With six flights a day from Johnstown, four from Altoona and six from DuBois, travelers from the west-central Pennsylvania area will have many options to connect with larger carriers and low-rate airlines at three major airports, Executive Vice President Mark Cestari said.

Three daily round-trip flights from John Murtha Johnstown-Cambria County Airport will go to Pittsburgh International Airport and the other three will continue the connection with Dulles International Airport outside Washington.

Fares will range from $29 to $59 a seat for every Pittsburgh flight and $39 to $89 for Dulles.

“The $29 is not a sale price,” Cestari said. “We will control availability of fares based on peak times, but there will be $29 seats on every flight.”

Southern flights from Altoona and DuBois will go to Pittsburgh and Baltimore-Washington International Thurgood Marshall Airport.

“We are offering all of our markets two hub airports,” Cestari said. “We’ll have service to three airports from the market area. That’s the way to do business.”

Earlier this week, the federal Department of Transportation announced Southern Airways Express had been selected to serve Johnstown, Altoona and Johnstown airports under the federally subsidized Essential Air Service program. Within days, the three airports were informed they were being dropped from the EAS program because of low ridership or high costs. 

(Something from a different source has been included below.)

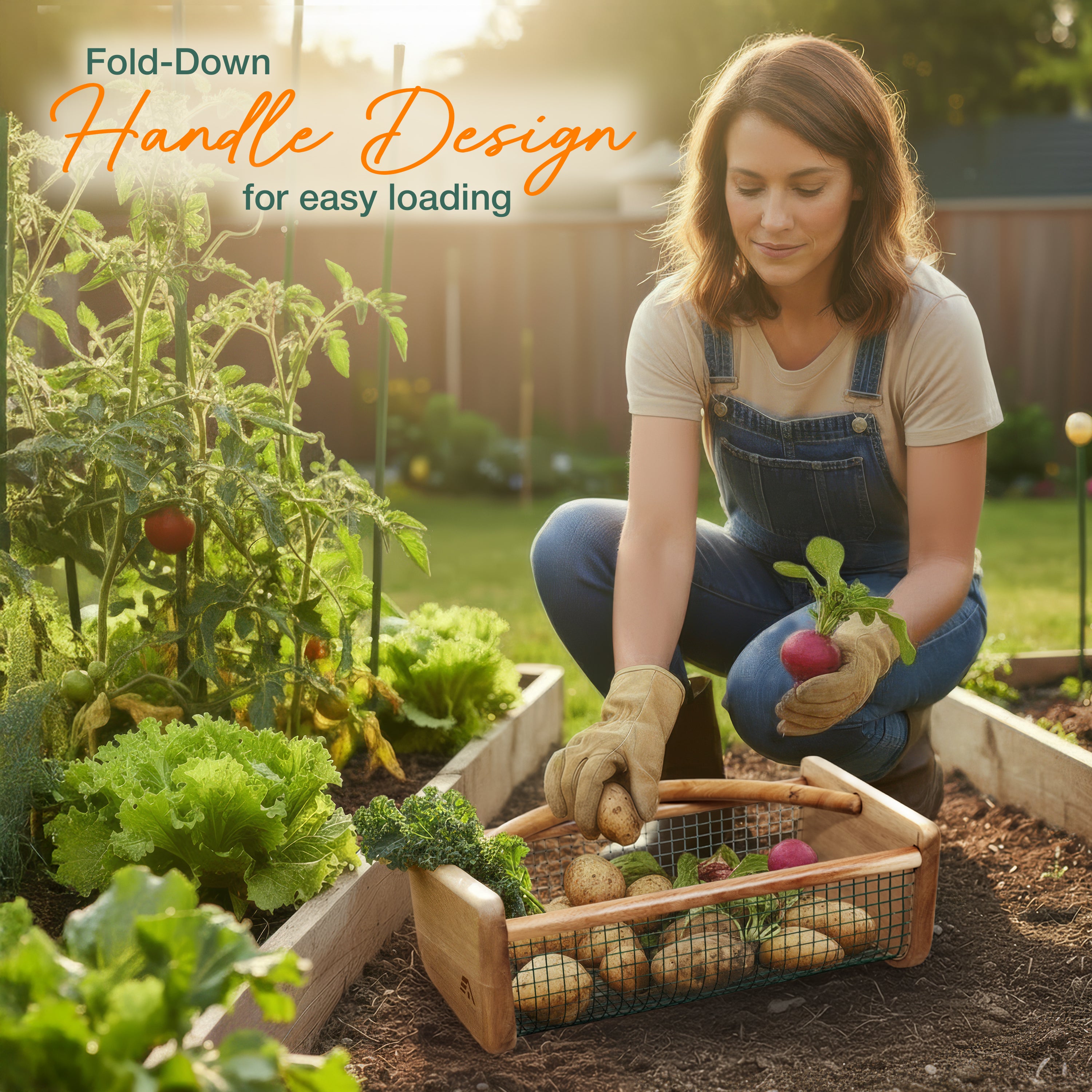 HOMESTEAD Garden Hod Harvest, Durable Acacia Wood Frame with Rotating Handle Basket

“Instructions on how to apply for a waiver were included in the order,” Johnstown airport Manager RaNell Fenchak said. “I’ve already begun the process.”

Airport officials said they are confident the local airports will receive a waiver because the current carrier, Silver Airways has been unreliable. 

“We are very excited about (Southern),” Johnstown-Cambria County Airport Authority Chairman David Kalina said. “We have an additional destination with Pittsburgh and they do have a track record of service and reliability.”

Southern will operate nine-passenger Cessna Caravan aircraft, Cestari said, adding that the smaller planes allow the low-cost regional airline to offer more options from each airport. 

“It was developed for Federal Express,” Cestari said. “They fly to hundreds of airports. It is a nine-passenger plane with large baggage pods. We are not going to have any trouble carrying large suitcases, golf bags or fishing poles.”

Southern does not charge a baggage fee, he added. 

The Cessna Caravan’s dependability has been proven not only by FedEx, but also by its service connecting remote areas of Alaska, Cestari said. 

Johnstown’s airport authority agreed to allow Southern to operate the single-engine Cessna because of its proven dependability, Kalina said. 

“I have no concerns with that at all,” said Kalina, who is a pilot. “Worldwide, the Cessna Caravan has, arguably, the best single-engine aircraft reputation out there.”

As an independent air carrier, Southern’s passengers will have a few more steps in transferring to other airlines. Although most take their baggage to the connecting gate, Cestari said, most checked bags won’t require a baggage fee on the other airline. 

Transferring passengers will get priority check-in, he added. 

Southern’s business plan focuses on getting travelers to the greatest number connecting flights and options. Some travelers prefer the major airlines’ service and are willing to pay for the amenities, Cestari said. Others are looking for low cost airlines.

“You decide what you want; either way, we’ll get you there,” he said. “We are the hometown airline.”

Dulles is home to a United Airlines hub, offering connections worldwide. Pittsburgh features a selection of low-cost airlines. 

“Those two airports really represent the best of both worlds,” Kalina said. “It really opens up opportunities.”

Basing two planes in Johnstown will also improve dependability,    

“Our flights are all nonstop.” Cestari said. “Our pilots are based in the city they serve. Our pilots will live in Johnstown. Our planes will sleep in Johnstown.”

A spare crew and plane based in Pittsburgh will available if there are problems.

“Those are the reasons we think our service level is going to be exceptional,” he said. 

Although there have been no discussions with current Silver Airlines employees at the airport, Cestari said Southern would prefer to hire those with experience in the market.